We polled several hundred European investors at 10 Expert Investor forums across the continent this year on the return expectations for their bond and equity portfolios over the next five years. As most of them have reconciled themselves with minimal returns from fixed income going forward, a large majority also expect returns from equities to be lower compared to the previous five years.

The MSCI Europe returned 8% annually over the past five years, while the MSCI World generated almost double that in euro terms. In a sign investors are preparing for a couple of weak years for equities, less than a third of investors are expecting annual returns of more than 6% over the next five years. The majority of fund buyers (59%) count on returns between 3% and 6%. That’s less than half the returns they have been used to over the past few years, but it’s still a lot more than their default expectation for bond returns, which 0-2%.

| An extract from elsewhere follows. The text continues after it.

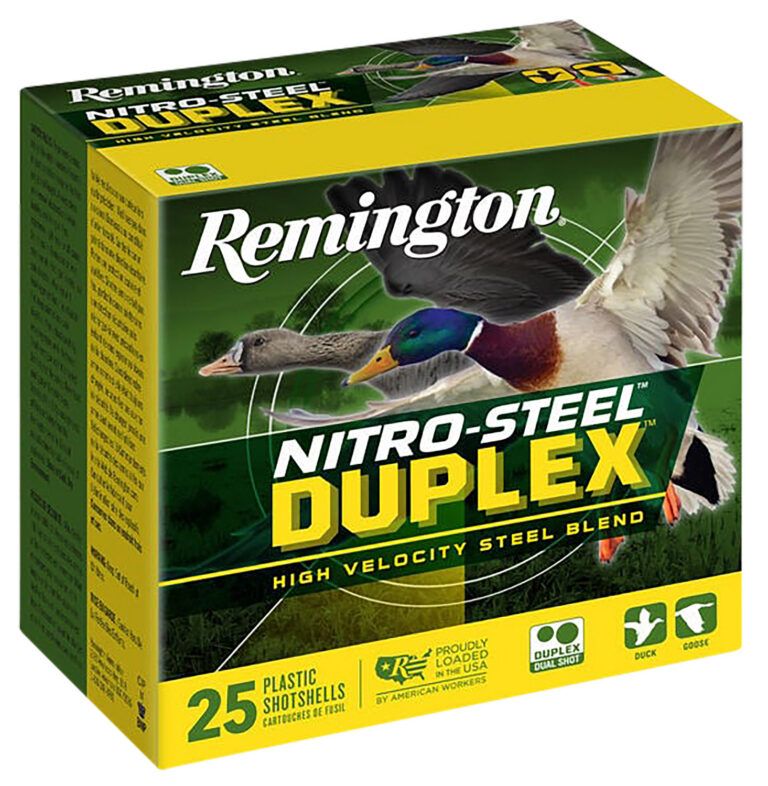 Remington Nitro-Steel Duplex 12 Ga, 3″, 1-1/4oz, 2 & 4 Shot, 25rd Box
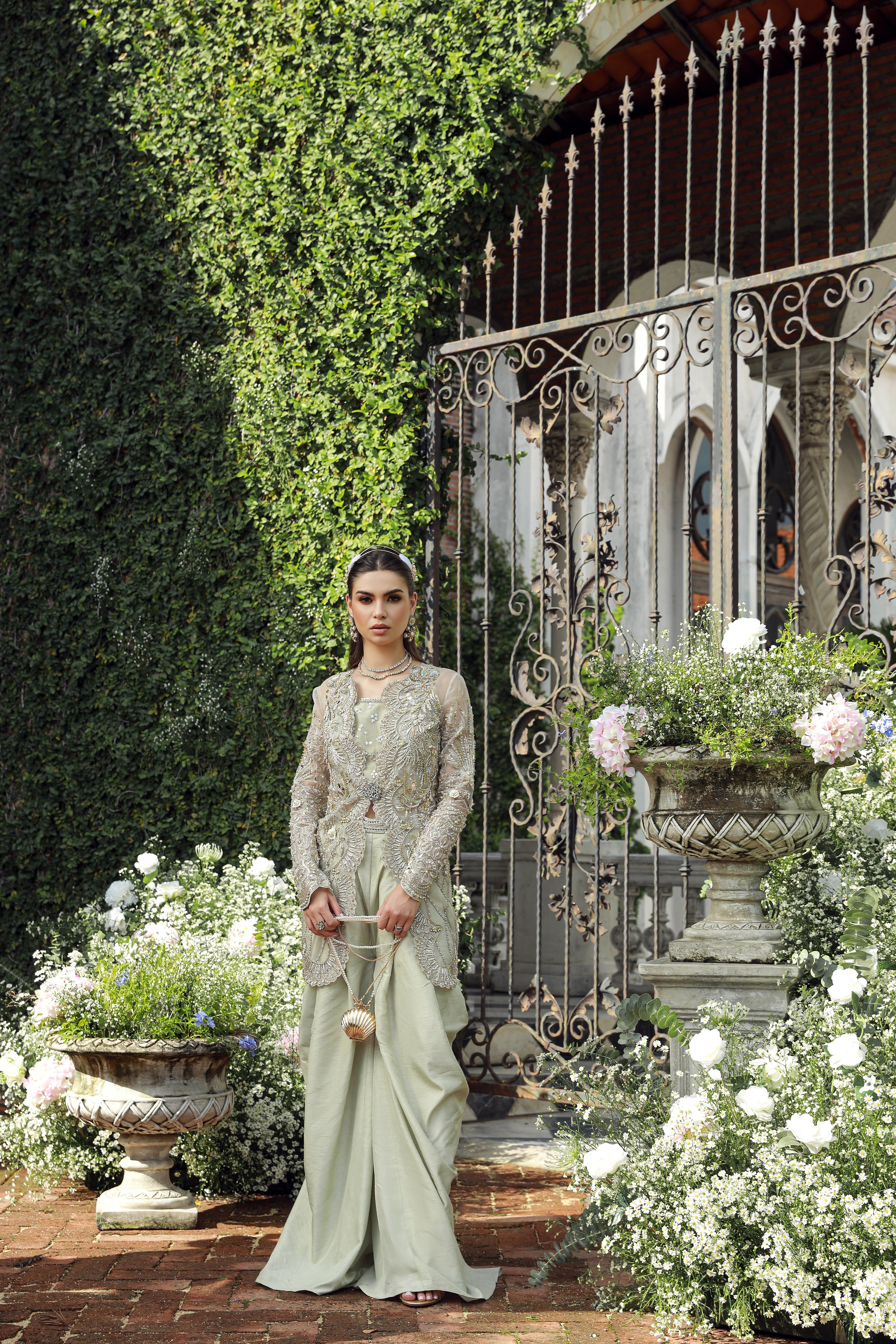 Tea Green Embellished Net Jacket & Draped Trousers (3-Piece) - Image 1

Rico Bosma, a fund analyst a Wealth Management Partners in the Netherlands, is one of these fund buyers who have reduced their return expectations, though not by as much as most of his peers. “Our expected annual return is now 6.5% after all costs. This compares to an average equity return of 10.41% from 2011 to 2015,” he says.

 

 

Spanish fund buyers are Europe’s most upbeat equity investors: close to half of them expect their equity portfolios to return in excess of 5% over the next five years.

The Spanish optimism contrasts with a much more measured attitude in other financial centres. In Portugal, Denmark and Monaco hardly more than one in 10 investors expect their equity portfolios to return more than 10%.